Sebald nasceu na Alemanha (1944), mas viveu a maior parte da sua vida em Inglaterra, onde ensinou literatura austríaca nalgumas universidades, país de onde viria a morrer inesperadamente em 2001, após sofrer um ataque do coração enquanto conduzia o seu carro.
O título não se refere à conhecida estação de comboios em Paris ou a uma das batalhas de Napoleão, e sim a um homem que tem a sua vida assombrada pela catástrofe.
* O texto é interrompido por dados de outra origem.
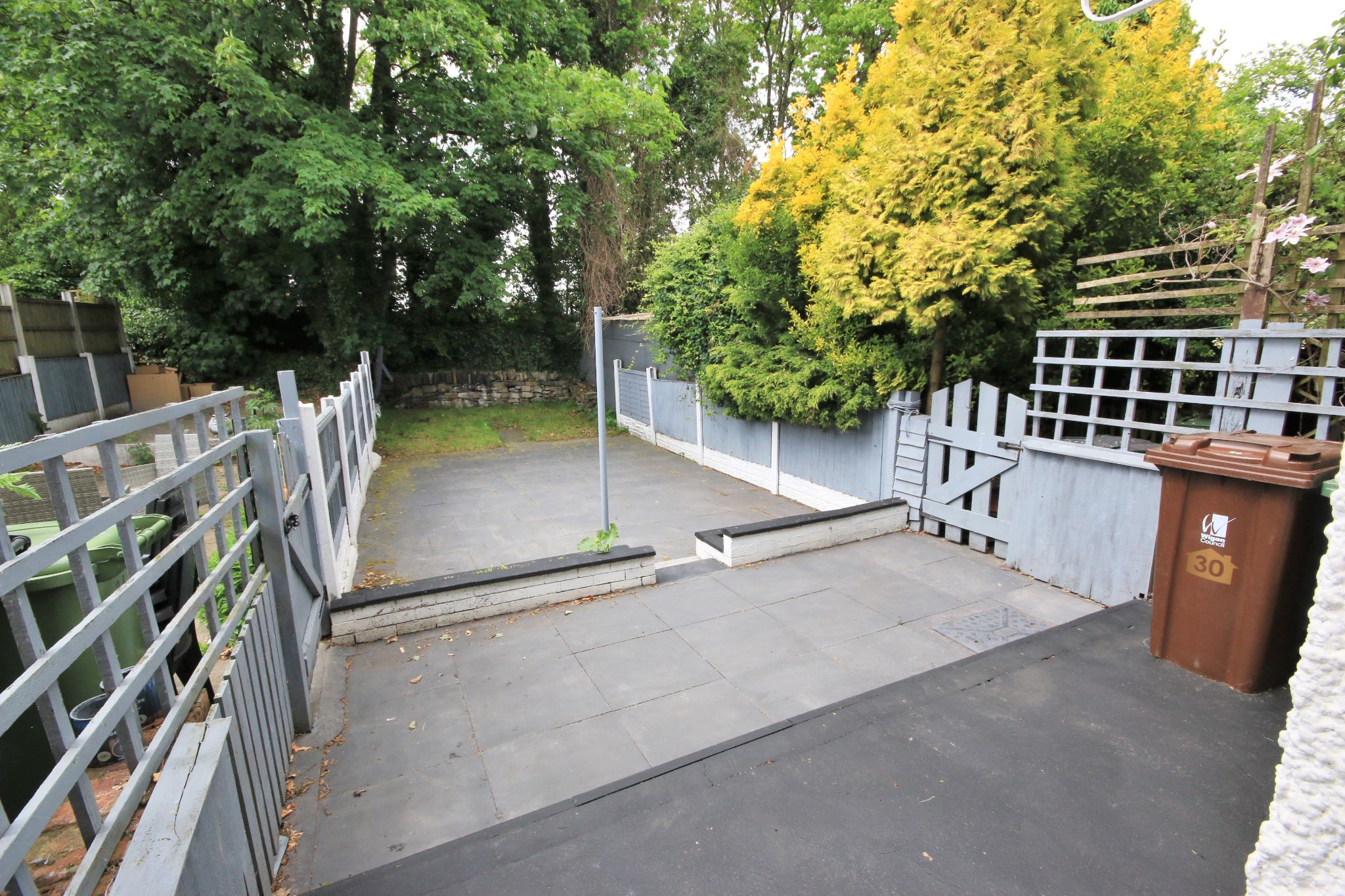 2 bedroom mid terraced house Let in Wigan - Photograph 8.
Para que pudesse ser salvo dos alemães, em 1939, com apenas cinco anos de idade, Jacques Austerlitz deixa Praga - e é enviado com outras crianças judias para o Reino Unido – onde seria adoptado por um pastor calvinista e a sua mulher “numa espécie de cativeiro”(p.46).
O seu nome verdadeiro apenas lhe é revelado aos quinze anos após a morte do casal adoptivo, e a partir desta palavra, que lhe soa totalmente estranha, o imenso e “infeliz” vazio da sua história surge-lhe de modo irreparável. “Ninguém sabe explicar ao certo o que se passa em nós quando se abrem as portas que escondem os terrores da nossa infância” (p.29).
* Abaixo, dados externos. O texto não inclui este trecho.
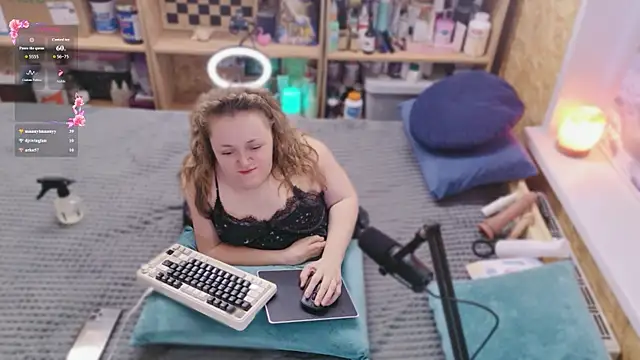 MiniNatalie online show from April 25, 1:41 pm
Sem qualquer pingo de sentimentalismo, Sebald vai-nos contando
a trama vital de Jacques Austerlitz, que acaba por se tornar “um docente de
História da Arte num instituto londrino” p. 34, que parte em busca das suas
raízes, ao mesmo tempo que se detém reflexivamente sobre o tempo, a memória e a
identidade. Para Sebald, aspectos fundamentais na (re)construção de qualquer
indivíduo, povo ou nação.
A nós, portugueses, a cultura da rememoração de Sebald
diz-nos muito; o saudosismo serôdio sobre o nosso passado colonial, a consequente
racionalização desse sentimento na consciência geral, mais parece levar ao
esquecimento do horror da guerra em que o colonialismo se impôs. A teoria freudiana
teria alguma coisa a dizer sobre a normalidade que os tempos de paz denega,
isto é, das cicatrizes de um trauma não elaborado.
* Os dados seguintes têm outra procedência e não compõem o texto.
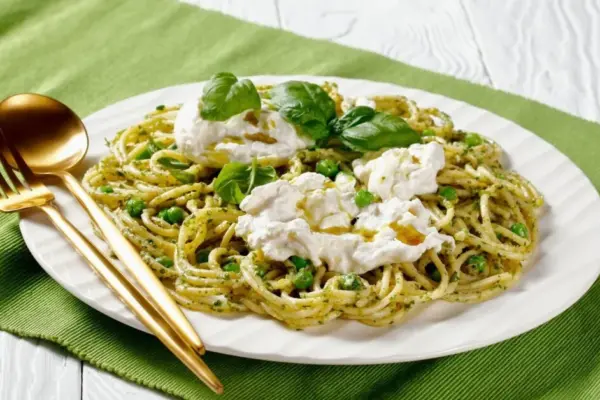 Danguolė's pasta with burrata and pesto sauce – a quick dinner reminiscent of Italy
As misturas de texto com fotografias a preto e branco fazem
com que Austerlitz pareça uma espécie de documentário, cuja pesquisa se
centra na própria memória dos acontecimentos. Nesse sentido, a obra de Sebald deve
ser lida como um desdobramento da conhecida proposição benjaminiana de que todo
documento de cultura é fundamentalmente um documento de barbárie.
Austerlitz é um dever da memória,
como se só nos pudéssemos ver quem realmente somos retrospectivamente (sabendo
exactamente o que está(va) para vir). Ainda que ensombrado pelas ruínas da
guerra e da destruição, do genocídio e do exílio, Austerlitz é uma
leitura tão hipnóptica quanto fascinante. Hipnóptica pela melancolia e
ambiências; fascinante pela escrita belíssima.
Lê-se na contracapa: “Austerlizt é uma poderosa reflexão sobre o ponto em que as memórias pessoais de um homem se cruzam com a História.”